Task prompt: Copy, word for word, the lines of the listing below from the line with "Fate Grand Order赝作活动攻略详解及常见问题解答" up to and including the line with "給与改定のしくみ（北九州市の場合）". Drop the pictures.

Given entries:
——————————

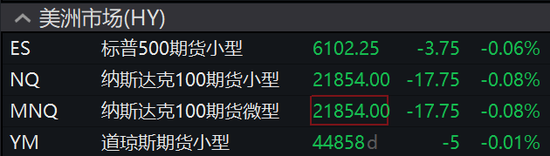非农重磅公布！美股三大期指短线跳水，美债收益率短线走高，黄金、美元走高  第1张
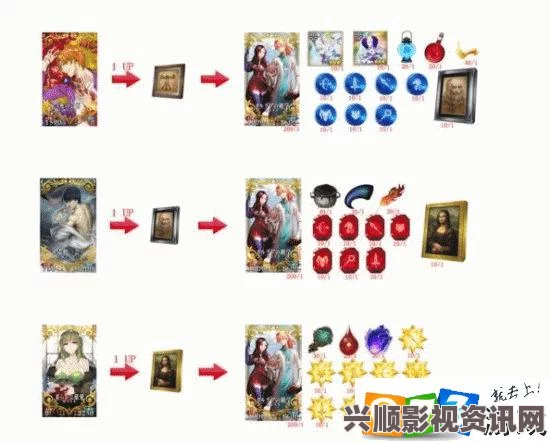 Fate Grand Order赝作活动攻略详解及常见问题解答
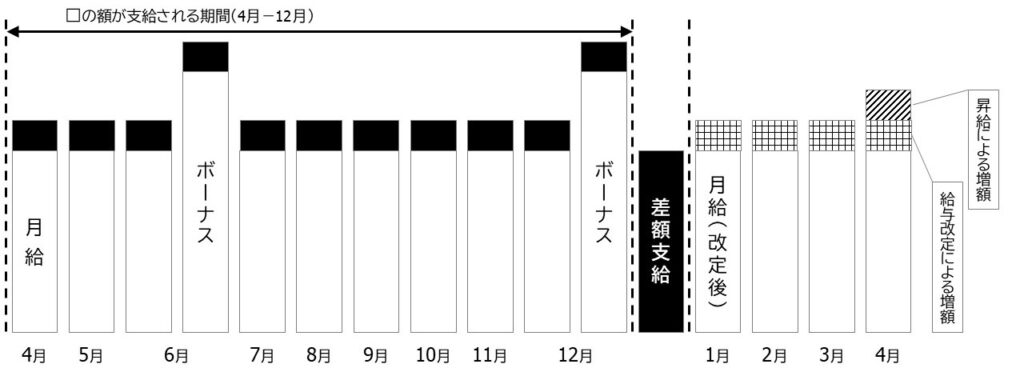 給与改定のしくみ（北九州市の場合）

——————————

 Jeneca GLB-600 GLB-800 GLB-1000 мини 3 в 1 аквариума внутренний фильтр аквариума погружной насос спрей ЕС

——————————

The completed task:
 Fate Grand Order赝作活动攻略详解及常见问题解答
 給与改定のしくみ（北九州市の場合）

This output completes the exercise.